■ **EXERCISE**
Set down exactly the lines below, starting at the one that contains "an empty room" and ending at the one that contains "An ancestral spirit", with both of those lines included and nothing else.

■ **AVAILABLE DATA**
=== Section Start ===
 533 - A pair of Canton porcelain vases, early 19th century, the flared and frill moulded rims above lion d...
=== Section End ===
=== Section Start ===
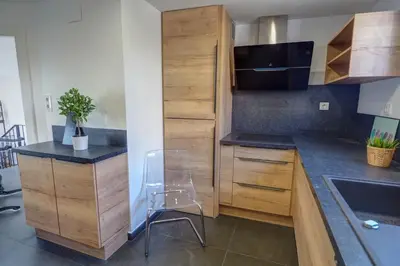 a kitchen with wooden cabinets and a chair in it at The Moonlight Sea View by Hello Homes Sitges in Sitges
=== Section End ===
=== Section Start ===
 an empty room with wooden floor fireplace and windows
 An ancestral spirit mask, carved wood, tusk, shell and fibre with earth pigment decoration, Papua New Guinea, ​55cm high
=== Section End ===
■ **THE ANSWER**
 an empty room with wooden floor fireplace and windows
 An ancestral spirit mask, carved wood, tusk, shell and fibre with earth pigment decoration, Papua New Guinea, ​55cm high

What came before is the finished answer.